Social Media Stories for Week of Jan 18

January 22, 2010 by MikeMcMahonAUSD
Filed under: Community Engagement 

This new weekly post will provide insights into the emerging world of social media and its impact on the classroom and community engagement .

Board Members

Where are you on the Social Technographic Ladder?

If you are a Facebook user, it will not hurt to review your Facebook settings to insure what you thought you were sharing with the world is actually happening.

Confused by the dialog box requesting an email address when you sign up for an application on Facebook?
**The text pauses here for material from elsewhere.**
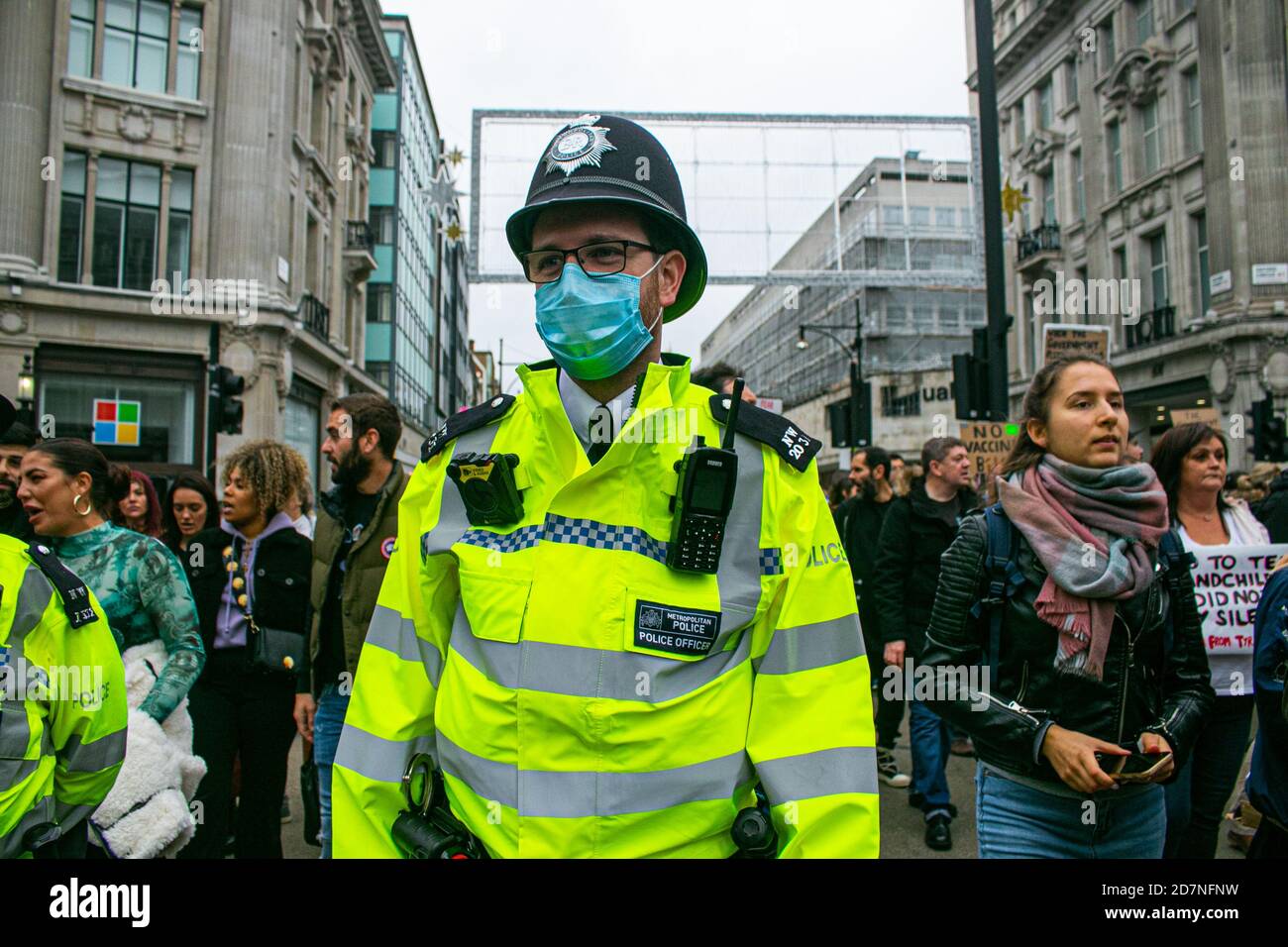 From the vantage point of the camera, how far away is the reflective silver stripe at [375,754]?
1.71 m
This article explains how it works.

Do you constantly have 99 new notifications, marked with the little red button at the bottom right in your Facebook account? Would you like to only receive important notifications, such as comments from friends, and skip the stuff various applications send you? Read on.

Schools and the Classroom

The Kaiser Family Foundation has the results in from its latest media usage study, and it was enough to shock the authors. Today, 8-18 year-olds devote an average of 7 hours and 38 minutes (7:38) to using entertainment media across a typical day (more than 53 hours a week). And because they spend so much of that time ‘media multitasking’ (using more than one medium at a time), they actually manage to pack a total of 10 hours and 45 minutes (10:45) worth of media content into those 7½ hours. Students no longer use technology as an add-on they have no choice .

The recently released video, “RE: Cry of the Dolphins,” is a clever and thought-provoking anti-cyberbullying effort by Google/YouTube, the National Crime Prevention Council and Saatchi & Saatchi. Watch closely, you’ll probably be surprised what happens.

Community Engagement

Using online surveys is becoming a more popular among school distircts, especially for budget reductions input. Currently Sacramento City and Oakland are using surveys to solicit input.

As more of us use non school district resources to communicate with our constituents using iPhones, blogs and social networking apps like Facebook, beware of the implications on public records requests.

As more newspapers declare bankruptcy impacting coverage of schools, what is your school district doing to create its own distribution channels of information?